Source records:
+-------+

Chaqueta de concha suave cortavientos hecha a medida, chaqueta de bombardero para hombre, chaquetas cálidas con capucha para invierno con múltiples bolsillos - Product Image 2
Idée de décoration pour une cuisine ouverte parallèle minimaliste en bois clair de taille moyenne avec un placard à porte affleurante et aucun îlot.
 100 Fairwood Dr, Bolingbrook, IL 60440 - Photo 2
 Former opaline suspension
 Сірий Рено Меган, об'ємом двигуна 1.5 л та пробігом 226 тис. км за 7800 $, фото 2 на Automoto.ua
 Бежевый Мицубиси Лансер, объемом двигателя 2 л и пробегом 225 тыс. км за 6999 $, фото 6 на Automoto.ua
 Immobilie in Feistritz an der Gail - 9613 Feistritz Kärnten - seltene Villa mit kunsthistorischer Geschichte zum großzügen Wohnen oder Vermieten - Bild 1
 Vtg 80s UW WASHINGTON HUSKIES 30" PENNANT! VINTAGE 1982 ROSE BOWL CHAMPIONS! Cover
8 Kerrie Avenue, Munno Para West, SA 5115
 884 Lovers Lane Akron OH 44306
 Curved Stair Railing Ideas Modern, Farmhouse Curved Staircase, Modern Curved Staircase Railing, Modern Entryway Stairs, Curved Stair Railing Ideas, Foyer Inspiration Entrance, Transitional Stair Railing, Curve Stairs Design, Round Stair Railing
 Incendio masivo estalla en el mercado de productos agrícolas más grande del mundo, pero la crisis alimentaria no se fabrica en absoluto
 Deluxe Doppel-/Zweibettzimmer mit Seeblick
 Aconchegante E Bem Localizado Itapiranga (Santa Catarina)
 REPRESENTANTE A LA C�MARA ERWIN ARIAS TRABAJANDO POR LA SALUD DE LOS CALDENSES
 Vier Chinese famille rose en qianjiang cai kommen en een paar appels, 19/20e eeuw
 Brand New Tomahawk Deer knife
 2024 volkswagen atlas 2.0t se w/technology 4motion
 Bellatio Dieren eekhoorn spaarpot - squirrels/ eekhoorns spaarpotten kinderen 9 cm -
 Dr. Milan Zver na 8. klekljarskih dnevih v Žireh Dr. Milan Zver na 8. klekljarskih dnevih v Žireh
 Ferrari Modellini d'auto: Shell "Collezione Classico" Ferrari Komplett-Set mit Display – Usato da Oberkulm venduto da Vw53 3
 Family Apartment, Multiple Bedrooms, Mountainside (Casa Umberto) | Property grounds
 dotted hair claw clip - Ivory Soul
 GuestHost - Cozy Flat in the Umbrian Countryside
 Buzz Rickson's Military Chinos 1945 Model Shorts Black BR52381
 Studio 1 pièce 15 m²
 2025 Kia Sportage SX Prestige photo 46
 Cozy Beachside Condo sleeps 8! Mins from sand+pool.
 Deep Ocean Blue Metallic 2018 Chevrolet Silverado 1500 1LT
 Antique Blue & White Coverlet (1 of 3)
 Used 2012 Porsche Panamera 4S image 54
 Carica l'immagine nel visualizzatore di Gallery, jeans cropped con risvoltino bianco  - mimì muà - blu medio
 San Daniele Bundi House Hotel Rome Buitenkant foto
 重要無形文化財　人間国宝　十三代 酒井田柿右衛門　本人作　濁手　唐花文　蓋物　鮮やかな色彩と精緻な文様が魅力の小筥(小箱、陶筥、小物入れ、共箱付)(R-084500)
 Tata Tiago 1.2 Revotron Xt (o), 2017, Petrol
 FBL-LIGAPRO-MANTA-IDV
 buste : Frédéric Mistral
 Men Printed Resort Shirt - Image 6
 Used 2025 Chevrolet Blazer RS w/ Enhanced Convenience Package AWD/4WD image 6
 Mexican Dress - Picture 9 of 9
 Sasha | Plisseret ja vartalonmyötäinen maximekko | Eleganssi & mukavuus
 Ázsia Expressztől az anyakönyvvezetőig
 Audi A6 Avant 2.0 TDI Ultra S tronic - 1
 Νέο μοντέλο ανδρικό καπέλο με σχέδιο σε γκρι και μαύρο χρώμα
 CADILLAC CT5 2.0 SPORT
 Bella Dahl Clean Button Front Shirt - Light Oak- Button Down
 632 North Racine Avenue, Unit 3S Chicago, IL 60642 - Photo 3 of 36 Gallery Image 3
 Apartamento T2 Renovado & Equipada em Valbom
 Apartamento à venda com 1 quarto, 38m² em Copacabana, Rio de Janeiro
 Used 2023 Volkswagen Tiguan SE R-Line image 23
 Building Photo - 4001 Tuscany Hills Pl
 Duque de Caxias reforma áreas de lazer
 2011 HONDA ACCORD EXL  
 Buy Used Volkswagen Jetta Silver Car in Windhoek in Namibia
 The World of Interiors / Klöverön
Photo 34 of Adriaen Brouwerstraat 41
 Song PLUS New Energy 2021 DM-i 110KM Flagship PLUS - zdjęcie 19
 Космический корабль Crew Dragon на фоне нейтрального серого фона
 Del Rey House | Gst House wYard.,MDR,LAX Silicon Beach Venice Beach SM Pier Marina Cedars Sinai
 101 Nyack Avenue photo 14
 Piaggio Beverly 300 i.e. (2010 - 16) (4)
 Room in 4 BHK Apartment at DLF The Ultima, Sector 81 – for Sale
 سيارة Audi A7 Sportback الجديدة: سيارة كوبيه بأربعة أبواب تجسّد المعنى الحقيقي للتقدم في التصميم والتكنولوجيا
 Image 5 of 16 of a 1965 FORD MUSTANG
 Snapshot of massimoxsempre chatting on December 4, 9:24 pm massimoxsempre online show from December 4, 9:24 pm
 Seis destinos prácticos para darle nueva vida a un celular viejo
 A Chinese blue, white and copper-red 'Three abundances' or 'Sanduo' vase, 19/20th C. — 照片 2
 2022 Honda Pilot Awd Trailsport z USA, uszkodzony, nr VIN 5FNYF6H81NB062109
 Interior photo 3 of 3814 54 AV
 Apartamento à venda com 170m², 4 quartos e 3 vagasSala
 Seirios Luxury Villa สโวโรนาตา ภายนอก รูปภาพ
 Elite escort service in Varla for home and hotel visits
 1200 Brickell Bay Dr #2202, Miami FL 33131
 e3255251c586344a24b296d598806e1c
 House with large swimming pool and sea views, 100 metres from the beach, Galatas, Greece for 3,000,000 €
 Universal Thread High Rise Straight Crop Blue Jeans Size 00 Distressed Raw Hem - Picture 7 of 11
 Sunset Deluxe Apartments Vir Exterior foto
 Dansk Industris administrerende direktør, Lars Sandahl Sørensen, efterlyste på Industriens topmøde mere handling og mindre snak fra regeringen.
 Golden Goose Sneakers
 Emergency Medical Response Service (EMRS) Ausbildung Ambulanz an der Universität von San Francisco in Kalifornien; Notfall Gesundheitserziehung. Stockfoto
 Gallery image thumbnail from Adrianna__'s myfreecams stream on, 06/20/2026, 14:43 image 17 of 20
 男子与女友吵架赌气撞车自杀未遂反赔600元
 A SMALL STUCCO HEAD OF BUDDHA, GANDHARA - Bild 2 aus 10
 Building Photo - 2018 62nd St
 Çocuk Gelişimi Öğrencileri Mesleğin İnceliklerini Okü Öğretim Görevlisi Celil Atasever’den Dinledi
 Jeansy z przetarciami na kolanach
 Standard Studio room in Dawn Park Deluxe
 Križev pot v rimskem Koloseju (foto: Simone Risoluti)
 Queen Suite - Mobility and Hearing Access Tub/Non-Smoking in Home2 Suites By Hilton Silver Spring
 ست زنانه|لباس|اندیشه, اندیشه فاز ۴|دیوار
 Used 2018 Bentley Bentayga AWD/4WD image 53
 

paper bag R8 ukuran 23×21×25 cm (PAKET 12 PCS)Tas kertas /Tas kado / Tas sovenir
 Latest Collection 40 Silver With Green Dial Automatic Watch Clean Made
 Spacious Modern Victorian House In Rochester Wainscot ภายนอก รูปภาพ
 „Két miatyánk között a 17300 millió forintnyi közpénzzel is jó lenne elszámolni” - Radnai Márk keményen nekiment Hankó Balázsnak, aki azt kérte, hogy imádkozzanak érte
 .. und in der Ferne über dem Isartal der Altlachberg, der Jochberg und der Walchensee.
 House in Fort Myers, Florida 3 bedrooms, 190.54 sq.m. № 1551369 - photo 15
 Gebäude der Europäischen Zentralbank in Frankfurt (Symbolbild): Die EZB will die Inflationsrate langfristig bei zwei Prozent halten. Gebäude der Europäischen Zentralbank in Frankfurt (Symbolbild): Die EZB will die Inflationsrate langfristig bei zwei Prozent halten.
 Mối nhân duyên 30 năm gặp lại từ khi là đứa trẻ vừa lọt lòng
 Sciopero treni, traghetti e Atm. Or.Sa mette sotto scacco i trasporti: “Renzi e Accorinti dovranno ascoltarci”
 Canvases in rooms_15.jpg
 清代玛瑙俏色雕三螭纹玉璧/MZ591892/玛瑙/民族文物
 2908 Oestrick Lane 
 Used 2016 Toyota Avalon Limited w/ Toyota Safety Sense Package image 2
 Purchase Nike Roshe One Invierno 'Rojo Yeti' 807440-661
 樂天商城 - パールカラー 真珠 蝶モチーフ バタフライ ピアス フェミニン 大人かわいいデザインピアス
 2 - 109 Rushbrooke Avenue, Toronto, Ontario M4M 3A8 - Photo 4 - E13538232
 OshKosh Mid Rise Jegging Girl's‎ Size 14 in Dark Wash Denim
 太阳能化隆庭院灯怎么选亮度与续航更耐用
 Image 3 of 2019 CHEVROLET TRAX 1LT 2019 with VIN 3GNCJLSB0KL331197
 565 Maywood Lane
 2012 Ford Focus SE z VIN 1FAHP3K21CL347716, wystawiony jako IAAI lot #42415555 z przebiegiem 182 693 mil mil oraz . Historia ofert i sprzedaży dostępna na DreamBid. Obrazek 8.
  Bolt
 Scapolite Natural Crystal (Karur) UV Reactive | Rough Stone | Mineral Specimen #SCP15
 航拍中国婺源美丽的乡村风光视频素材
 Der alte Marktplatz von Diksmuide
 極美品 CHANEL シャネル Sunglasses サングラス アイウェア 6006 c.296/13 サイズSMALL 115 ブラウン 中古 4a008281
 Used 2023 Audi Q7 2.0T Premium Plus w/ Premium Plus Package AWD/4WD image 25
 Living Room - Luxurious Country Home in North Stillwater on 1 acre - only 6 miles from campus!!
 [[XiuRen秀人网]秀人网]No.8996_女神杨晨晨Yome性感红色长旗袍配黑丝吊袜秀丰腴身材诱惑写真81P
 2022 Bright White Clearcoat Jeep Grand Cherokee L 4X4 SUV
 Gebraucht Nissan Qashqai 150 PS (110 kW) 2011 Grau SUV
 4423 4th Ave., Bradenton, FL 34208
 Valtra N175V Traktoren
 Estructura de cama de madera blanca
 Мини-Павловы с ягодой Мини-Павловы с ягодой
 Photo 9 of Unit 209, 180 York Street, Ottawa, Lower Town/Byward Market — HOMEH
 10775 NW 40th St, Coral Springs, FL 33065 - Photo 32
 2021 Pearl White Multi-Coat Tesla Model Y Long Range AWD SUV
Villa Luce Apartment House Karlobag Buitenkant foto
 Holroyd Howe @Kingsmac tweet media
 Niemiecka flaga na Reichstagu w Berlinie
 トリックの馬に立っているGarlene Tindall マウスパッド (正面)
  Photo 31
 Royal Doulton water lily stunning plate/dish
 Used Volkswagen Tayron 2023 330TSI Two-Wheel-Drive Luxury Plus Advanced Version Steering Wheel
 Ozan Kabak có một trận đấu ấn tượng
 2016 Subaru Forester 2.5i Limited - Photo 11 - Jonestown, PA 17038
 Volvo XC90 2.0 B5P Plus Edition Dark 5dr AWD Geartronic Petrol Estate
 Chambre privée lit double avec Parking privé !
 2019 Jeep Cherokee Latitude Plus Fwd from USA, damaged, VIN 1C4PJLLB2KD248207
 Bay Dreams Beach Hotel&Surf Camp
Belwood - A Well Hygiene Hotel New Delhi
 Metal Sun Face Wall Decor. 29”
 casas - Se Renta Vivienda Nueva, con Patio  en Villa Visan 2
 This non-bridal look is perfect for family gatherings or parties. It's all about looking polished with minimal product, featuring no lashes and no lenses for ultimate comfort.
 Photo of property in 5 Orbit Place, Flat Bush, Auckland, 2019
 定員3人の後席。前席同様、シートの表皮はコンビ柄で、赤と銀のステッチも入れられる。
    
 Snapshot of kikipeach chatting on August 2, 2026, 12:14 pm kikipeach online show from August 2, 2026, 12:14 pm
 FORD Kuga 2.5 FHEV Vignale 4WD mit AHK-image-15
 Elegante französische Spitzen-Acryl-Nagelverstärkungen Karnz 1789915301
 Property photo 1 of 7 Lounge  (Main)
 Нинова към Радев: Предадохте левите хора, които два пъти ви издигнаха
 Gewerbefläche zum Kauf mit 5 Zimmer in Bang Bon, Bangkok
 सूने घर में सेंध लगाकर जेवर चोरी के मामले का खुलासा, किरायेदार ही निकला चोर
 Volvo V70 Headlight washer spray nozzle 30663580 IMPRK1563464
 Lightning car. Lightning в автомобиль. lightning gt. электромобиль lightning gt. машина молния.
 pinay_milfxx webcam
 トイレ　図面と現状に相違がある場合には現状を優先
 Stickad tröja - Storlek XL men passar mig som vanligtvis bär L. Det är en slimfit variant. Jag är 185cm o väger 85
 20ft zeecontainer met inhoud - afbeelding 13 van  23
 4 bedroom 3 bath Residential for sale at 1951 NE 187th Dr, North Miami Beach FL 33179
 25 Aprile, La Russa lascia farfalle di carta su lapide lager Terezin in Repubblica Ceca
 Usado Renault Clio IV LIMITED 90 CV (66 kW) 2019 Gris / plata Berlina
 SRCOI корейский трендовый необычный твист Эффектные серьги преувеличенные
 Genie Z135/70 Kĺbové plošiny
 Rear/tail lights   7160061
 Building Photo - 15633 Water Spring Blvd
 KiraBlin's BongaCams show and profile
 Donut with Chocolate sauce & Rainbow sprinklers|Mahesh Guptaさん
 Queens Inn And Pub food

+-------+

Across the records above, show each line containing the word "Villa".

 Immobilie in Feistritz an der Gail - 9613 Feistritz Kärnten - seltene Villa mit kunsthistorischer Geschichte zum großzügen Wohnen oder Vermieten - Bild 1
 Seirios Luxury Villa สโวโรนาตา ภายนอก รูปภาพ
Villa Luce Apartment House Karlobag Buitenkant foto
 casas - Se Renta Vivienda Nueva, con Patio  en Villa Visan 2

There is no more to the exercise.